Employer Branding

World's top companies pledge net zero, only deliver 40% : Report

A recent corporate climate responsibility report says the world’s largest companies have largely failed their climate pledge test due to lack of clear net-zero targets and limited commitments to reduce emissions.

“The top 25 climate pledges of the world’s largest companies actually only commit to reducing their emissions by 40% on average, not 100% as their “net zero” and “carbon neutral” claims suggest,” says the Corporate Climate Responsibility Monitor 2022, conducted by the NewClimate Institute in collaboration with Carbon Market Watch.

It evaluates 25 major companies, operating across sectors and geographies, for the transparency and integrity of their core climate commitments.

As per the report, only one company’s net-zero commitment was assessed as having “reasonable integrity”; three with “moderate”, 10 with “low” and the remaining 12 were rated as having “very low” integrity.

The main commitments of only three of the 25 companies (Maersk, Vodafone and Deutsche Telekom) clearly commit to a deep decarbonisation of more than 90% of the emissions of their entire value chain. At least five of the companies would only reduce their emissions by less than 15%, often excluding emissions upstream or downstream of their value chain.

The 13 companies that have backed their net-zero emissions pledges with explicit emission reduction commitments commit, on average, to reduce emissions across their entire value chain from 2019 by just 40%. The other 12 have no specific emission reduction commitments for their net zero target year.

The report highlighted that major climate promises from companies require detailed evaluation and, in most cases, cannot be taken at face value.

For the minority of the 25 companies assessed, their headline commitments serve as a useful long-term vision and are supported by specific short-term emission reduction targets. While none of the promises have a high degree of integrity overall, Maersk came out on top, with reasonable integrity, followed by Apple, Sony and Vodafone with moderate integrity.

However, most companies with net-zero emissions or carbon neutrality commitments fail to set ambitious targets.

Overall, the analysis finds that top promises from Amazon, Deutsche Telekom, Enel, GlaxoSmithKline, Google, Hitachi, IKEA, Vale, Volkswagen and Walmart have low integrity and those from Accenture, BMW Group, Carrefour, CVS Health, Deutsche Post DHL , E .ON SE, JBS, Nestlé, Novartis, Saint-Gobain and Unilever have very low integrity.

“Many company promises are undermined by controversial plans to cut emissions elsewhere, hidden critical information and accounting tricks,” the report said.

“We set out to uncover as many replicable good practices as possible, but were frankly surprised and disappointed by the overall integrity of the companies’ claims,” said Thomas Day of the NewClimate Institute, lead author of the study.
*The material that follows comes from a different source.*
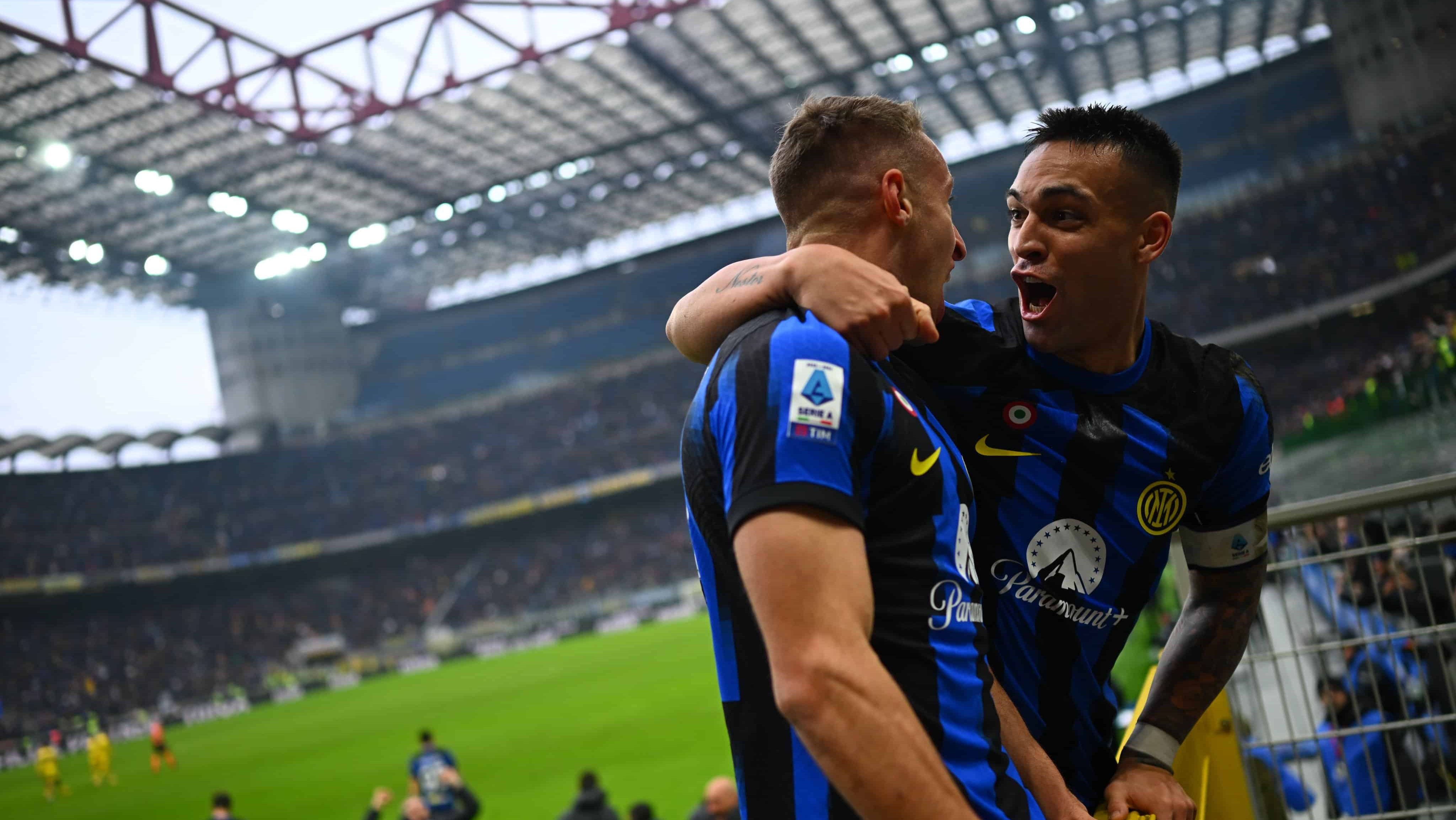 Com doses extras de sofrimento, a Inter venceu o Verona nos acr&eacute;scimos e &eacute; campe&atilde; de inverno da Serie A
“As pressure mounts on companies to act on climate change, their ambitious-sounding headlines often lack real substance, potentially misleading both consumers and the regulators who are critical in guiding their action. strategic direction. Even companies that are doing relatively well are exaggerating their actions,” he added.

“Misleading business advertisements have a real impact on consumers and policymakers. They deceive us into believing that these companies are taking sufficient measures, when the reality is far from it.” said Gilles Dufrasne of Carbon Market Watch.

Dufrasne said that without more regulation, this will continue. “We need governments and regulators to step up and stop this greenwashing trend,” he added.

Promising examples of climate leadership were also identified. Google is developing innovative tools to purchase high-quality renewable energy in real time; this is being picked up by other companies. Maersk and Deutsche Post are making significant investments in decarbonisation technologies for transport and logistics. There is still ample potential for companies to replicate and extend these emerging best practices.